CONSTITUTION Commission chairman Professor Yash Ghai has highlighted the very delicate relationship that exists between culture and the State.
While hearing constitutional submissions particularly from people in villages, Professor Ghai said he noted that the common theme of conflict existed between the community and the individual.
Prof Ghai revealed this at the University of the South Pacific's Fiji Day celebrations last weekend.
"I noticed that children no longer obeyed their parents and how there was a lack of community amongst many of these people," he said.
"It surprised me that many people in these rural areas wished for the return of corporal punishment and I questioned these decisions and suggestions."
Prof Ghai said he noted that while speaking with urban communities, there was a greater acknowledgment of community in their approach to submissions.

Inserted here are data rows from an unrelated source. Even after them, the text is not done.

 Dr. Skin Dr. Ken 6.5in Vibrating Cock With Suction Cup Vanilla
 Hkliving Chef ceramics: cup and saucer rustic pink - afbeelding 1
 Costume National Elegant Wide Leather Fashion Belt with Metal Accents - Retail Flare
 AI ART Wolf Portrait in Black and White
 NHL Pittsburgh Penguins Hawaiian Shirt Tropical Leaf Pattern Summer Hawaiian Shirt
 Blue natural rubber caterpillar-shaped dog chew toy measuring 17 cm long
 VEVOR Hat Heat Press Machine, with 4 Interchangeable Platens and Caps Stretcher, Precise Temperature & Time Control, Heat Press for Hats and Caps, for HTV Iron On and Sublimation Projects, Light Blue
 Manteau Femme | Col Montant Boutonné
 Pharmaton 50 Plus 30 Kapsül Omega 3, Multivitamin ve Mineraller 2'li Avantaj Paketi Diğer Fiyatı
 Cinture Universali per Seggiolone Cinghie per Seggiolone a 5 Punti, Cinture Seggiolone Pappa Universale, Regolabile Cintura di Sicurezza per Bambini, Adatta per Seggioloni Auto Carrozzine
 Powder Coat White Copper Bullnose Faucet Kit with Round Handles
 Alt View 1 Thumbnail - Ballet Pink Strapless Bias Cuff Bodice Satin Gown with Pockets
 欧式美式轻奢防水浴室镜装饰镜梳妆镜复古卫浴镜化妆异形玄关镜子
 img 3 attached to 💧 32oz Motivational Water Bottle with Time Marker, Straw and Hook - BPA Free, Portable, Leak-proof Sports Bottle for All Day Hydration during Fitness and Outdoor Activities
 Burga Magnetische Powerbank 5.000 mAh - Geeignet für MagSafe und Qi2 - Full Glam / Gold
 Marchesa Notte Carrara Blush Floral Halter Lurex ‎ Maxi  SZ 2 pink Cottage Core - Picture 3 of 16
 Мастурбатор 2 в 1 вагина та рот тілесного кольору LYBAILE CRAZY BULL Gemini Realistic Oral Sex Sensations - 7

"With the urban communities, we saw joint presentations by the youth, who looked at the future and wanted to work together with people. There is a need to strengthen these ethnic differences," he said.
Prof Ghai then posed an interesting question - "how do we manage these political, economic and social differences but also engage in new ideas and ways of living without creating too much anxiety?"
He said there was indeed a need to strike a balance between culture, development and human rights.
"We must find ways to acknowledge culture and encourage development. In the past, the focus was very much on the State which tried to keep a distance from culture.
"Ethnic differences were ignored and now, the more I listen to villagers wanting village by-laws again, the more I realise the potential harm that does to Fijians wanting to leave their villages," Prof Ghai said.